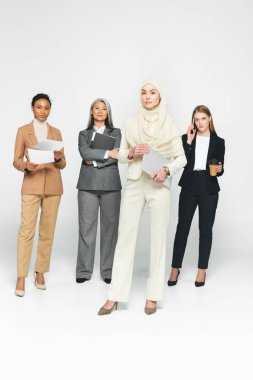 Beyaz dizüstü bilgisayarı olan Arap bir kadının yanında çok kültürlü iş kadınları. 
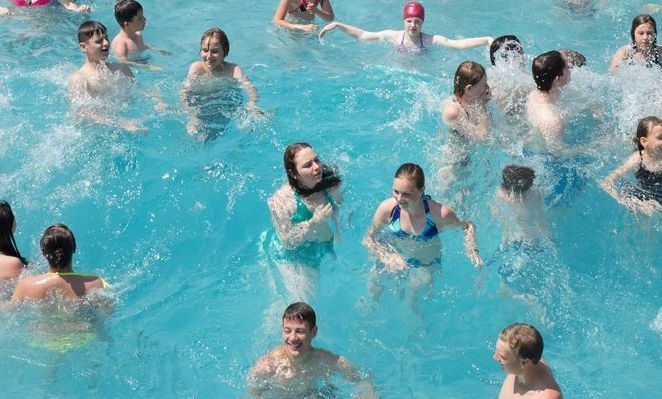 Foto av et stort antall unge mennesker som bader i et utendørs badeanlegg i Tyskland.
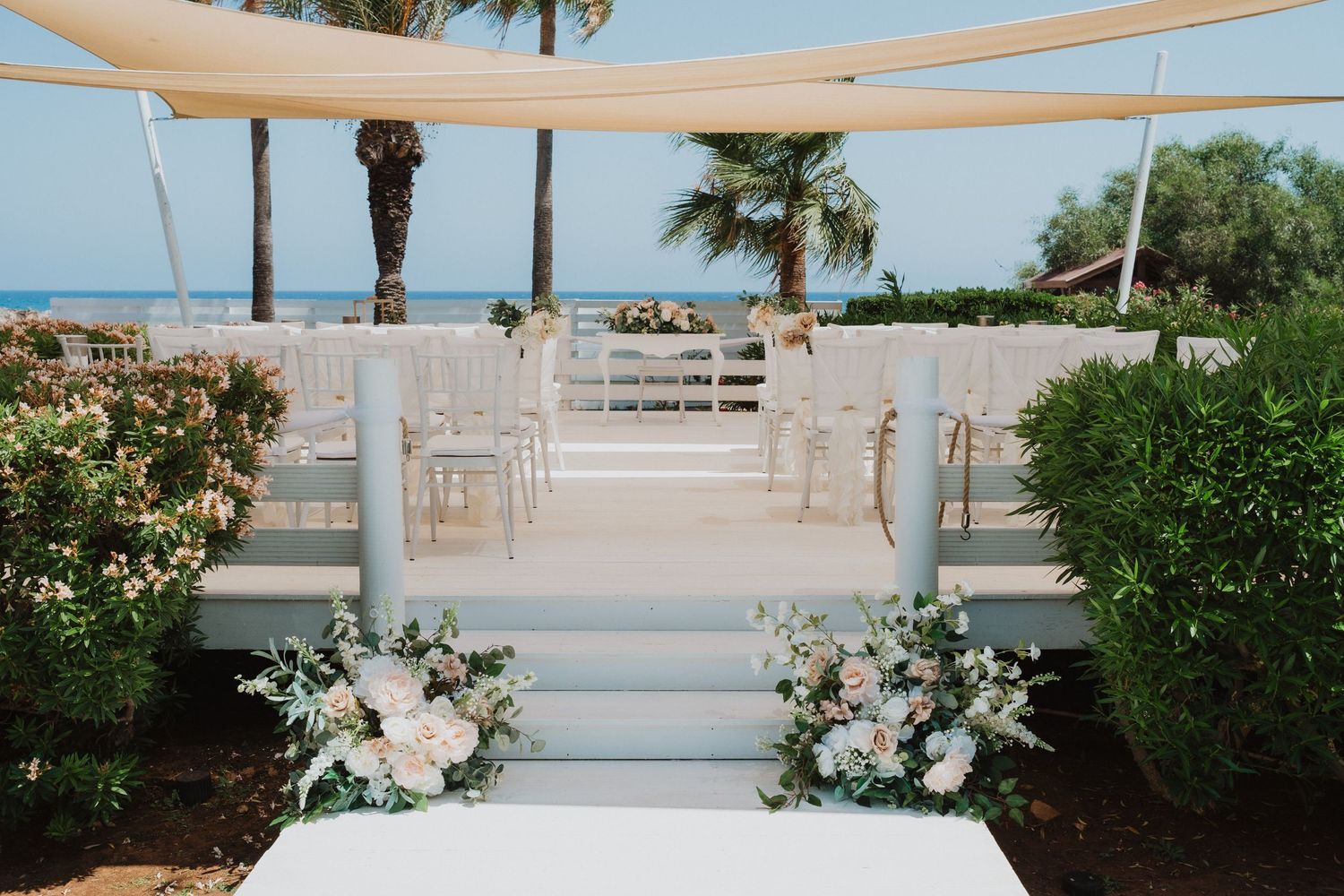 Outdoor beach wedding ceremony setup with white chairs and floral arrangements.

**WHAT IS BEING ASKED:**
Print the data word for word and omit the pictures.

**WRITTEN ANSWER:**
 Beyaz dizüstü bilgisayarı olan Arap bir kadının yanında çok kültürlü iş kadınları. 
 Foto av et stort antall unge mennesker som bader i et utendørs badeanlegg i Tyskland.
 Outdoor beach wedding ceremony setup with white chairs and floral arrangements.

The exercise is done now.